Nicaraguan cigar exports to the US have increased by 40 percent since 2008, reaching 140 million cigars in 2018, outstripping the Dominican Republic and Honduras, according to figures from the Cigar Association of America (CAA).
Nicaragua’s industry is a young one — it was started by Cuban exiles who fled Fidel Castro’s revolution in 1959. When the Central American country’s civil war ended at the start of the 1990s, the industry started to flourish.
“My family started in tobacco in Cuba in 1865. Today we operate in Nicaragua and Honduras,” says Plasencia, whose father hails from the Caribbean island.
Today, the country has 70 factories producing more than 5,000 brands, says the director of the Nicaraguan Chamber of Tobacco Producers, Wenceslao Castillo.
Karina Rivera, a quality control supervisor at Plasencia Cigars, tests an average of eight cigars a day.

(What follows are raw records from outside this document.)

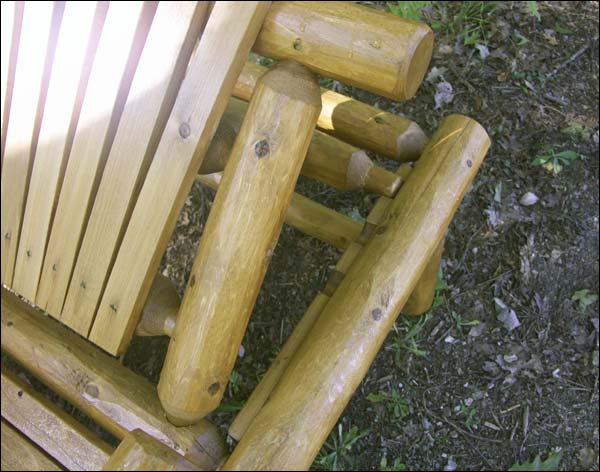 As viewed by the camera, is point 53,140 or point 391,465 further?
point 391,465

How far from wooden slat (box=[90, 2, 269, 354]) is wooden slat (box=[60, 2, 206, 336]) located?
33 millimetres

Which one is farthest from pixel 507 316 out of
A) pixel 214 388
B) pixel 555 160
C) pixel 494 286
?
pixel 214 388

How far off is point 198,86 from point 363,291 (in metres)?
0.59

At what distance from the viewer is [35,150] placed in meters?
1.47

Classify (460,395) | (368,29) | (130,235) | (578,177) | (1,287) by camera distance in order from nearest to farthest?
1. (368,29)
2. (130,235)
3. (1,287)
4. (460,395)
5. (578,177)

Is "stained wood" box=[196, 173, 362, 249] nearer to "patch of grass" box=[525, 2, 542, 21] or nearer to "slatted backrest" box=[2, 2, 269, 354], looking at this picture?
"slatted backrest" box=[2, 2, 269, 354]

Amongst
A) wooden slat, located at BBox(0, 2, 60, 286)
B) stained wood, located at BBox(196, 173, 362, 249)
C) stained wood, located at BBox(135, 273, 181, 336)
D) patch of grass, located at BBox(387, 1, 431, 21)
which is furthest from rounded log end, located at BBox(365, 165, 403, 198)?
patch of grass, located at BBox(387, 1, 431, 21)

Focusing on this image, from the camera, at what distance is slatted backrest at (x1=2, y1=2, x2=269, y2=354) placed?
3.94ft

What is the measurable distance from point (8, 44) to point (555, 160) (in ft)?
6.51

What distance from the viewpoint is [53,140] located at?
4.63 ft

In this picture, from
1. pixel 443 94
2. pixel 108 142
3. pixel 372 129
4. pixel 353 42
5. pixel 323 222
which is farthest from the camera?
pixel 443 94

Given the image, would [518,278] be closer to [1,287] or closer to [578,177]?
[578,177]

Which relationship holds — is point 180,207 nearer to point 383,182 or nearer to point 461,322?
point 383,182

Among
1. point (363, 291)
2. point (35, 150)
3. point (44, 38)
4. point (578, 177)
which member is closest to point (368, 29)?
point (363, 291) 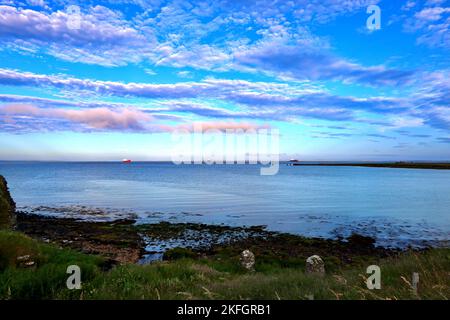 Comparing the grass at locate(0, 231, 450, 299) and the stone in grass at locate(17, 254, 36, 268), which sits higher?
the grass at locate(0, 231, 450, 299)

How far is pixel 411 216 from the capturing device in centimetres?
3525

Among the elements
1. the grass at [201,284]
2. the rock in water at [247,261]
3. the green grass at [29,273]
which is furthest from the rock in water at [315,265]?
the green grass at [29,273]

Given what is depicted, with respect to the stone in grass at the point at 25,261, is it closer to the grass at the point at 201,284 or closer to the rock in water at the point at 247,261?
the grass at the point at 201,284

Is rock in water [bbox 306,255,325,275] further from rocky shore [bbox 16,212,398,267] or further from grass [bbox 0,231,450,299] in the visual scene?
rocky shore [bbox 16,212,398,267]

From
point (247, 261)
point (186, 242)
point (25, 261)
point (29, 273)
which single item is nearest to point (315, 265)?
point (247, 261)

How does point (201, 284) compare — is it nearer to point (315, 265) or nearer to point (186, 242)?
point (315, 265)

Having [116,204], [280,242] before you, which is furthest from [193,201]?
[280,242]

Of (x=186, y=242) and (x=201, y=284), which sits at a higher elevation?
(x=201, y=284)

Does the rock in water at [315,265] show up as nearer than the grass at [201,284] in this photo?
No

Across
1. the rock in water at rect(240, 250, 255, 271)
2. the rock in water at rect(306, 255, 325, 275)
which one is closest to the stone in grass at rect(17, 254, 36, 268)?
the rock in water at rect(240, 250, 255, 271)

“If I see that it’s not at the level of quality demanded by customers, we report immediately to find out where the problem is,” she said.
Smokers say a lot is going on in a cigar during puffs, tasting richness, balance and complexity — a variety of flavors and aromas that have helped several Nicaraguan brands conquer the US market.

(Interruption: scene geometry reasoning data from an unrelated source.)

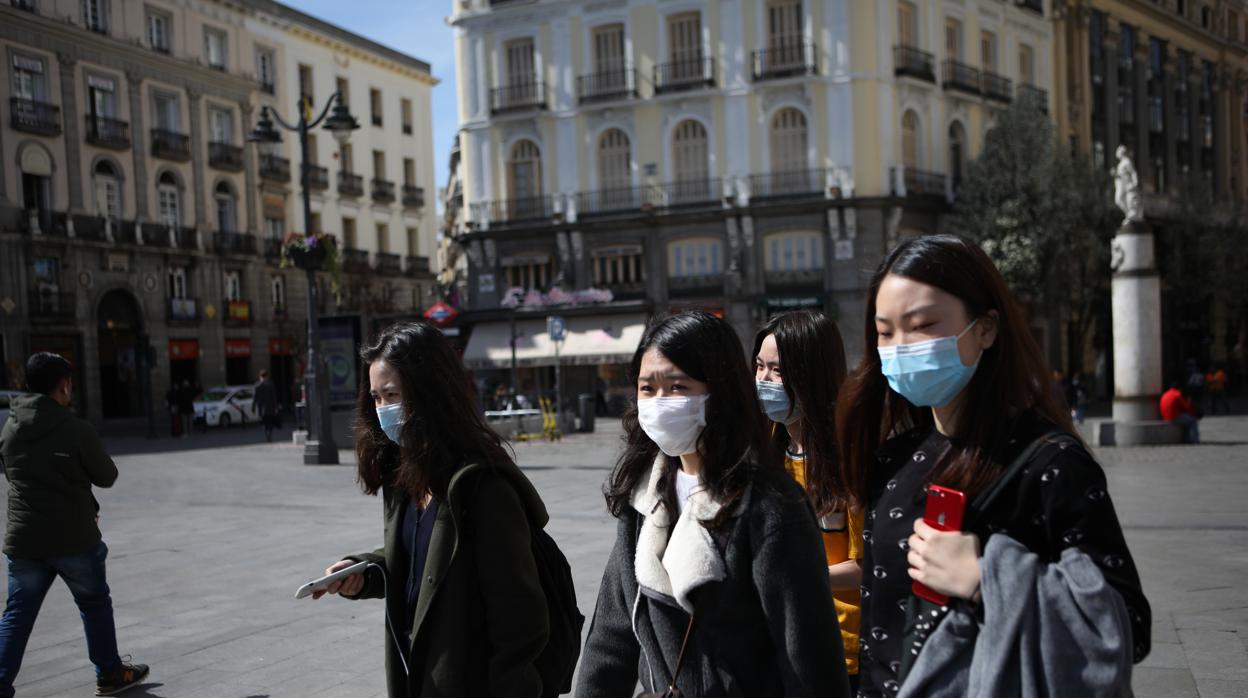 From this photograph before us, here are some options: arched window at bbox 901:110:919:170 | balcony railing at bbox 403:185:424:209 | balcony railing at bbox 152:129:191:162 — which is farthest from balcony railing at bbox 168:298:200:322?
arched window at bbox 901:110:919:170

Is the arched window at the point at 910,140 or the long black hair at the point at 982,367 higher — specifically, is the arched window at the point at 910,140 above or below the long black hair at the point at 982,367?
above

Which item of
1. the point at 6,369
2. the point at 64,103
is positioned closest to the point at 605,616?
the point at 6,369

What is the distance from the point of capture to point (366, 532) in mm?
10953

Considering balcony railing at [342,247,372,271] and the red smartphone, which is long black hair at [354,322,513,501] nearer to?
the red smartphone

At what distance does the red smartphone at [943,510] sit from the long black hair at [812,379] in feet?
4.91

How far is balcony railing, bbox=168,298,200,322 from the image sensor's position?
40.8 meters

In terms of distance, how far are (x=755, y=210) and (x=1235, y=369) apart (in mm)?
24980

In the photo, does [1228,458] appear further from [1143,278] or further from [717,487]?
[717,487]

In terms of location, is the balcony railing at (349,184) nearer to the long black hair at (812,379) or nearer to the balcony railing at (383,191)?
the balcony railing at (383,191)

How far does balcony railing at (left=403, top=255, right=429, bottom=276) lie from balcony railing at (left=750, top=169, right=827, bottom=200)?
2507 centimetres

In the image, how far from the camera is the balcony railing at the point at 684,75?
33688 millimetres

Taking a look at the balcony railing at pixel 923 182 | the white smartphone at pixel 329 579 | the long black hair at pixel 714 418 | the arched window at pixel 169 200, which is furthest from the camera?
the arched window at pixel 169 200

In 2018, American trade magazine Cigar Aficionado named seven Nicaraguan brands in the top 10 of its annual ranking.
As for the Best Cigar of the Year, the “E.P. Carrillo Encore Majestic” is made in the Dominican Republic, but with Nicaraguan tobacco, the magazine says.
“The strength of the Nicaraguan tobacco industry is our focus on quality, which is why we are today the largest exporter of premium cigars to the United States,” Castillo says proudly.
It’s clear that in the rarified world of premium cigars, names are important. To the aficionado, in clubs and the best bars, they trip off the tongue — La Opulencia Toro, La Imperiosa, Villiger La Vencedora Churchill...
“We believe that 60 to 70 percent of our success is due to the way tobacco is dried and the time spent on fermentation and aging — we don’t rush things,” says Castillo.
“The trilogy of this success is the soils, the microclimate and the people, the care they put into their work,” says Plasencia, who runs two factories in the Central American country and exports 15 million cigars a year to the United States.
The cigar industry has had to do more that resist climatic changes to survive.
It’s one of the few to emerge largely unscathed from the political and economic crisis that has rocked Nicaragua for more than a year, after a violent crackdown on anti-government demonstrations left more than 325 people dead and forced 62,000 into exile.
It also put 400,000 out of work in an economy that had enjoyed annual 4.0 percent growth, according to the private sector.
“If it weren’t for these factories, Esteli would surely be deserted,” says 43-year-old Silvia Moreno, who has worked in the tobacco industry for half her life.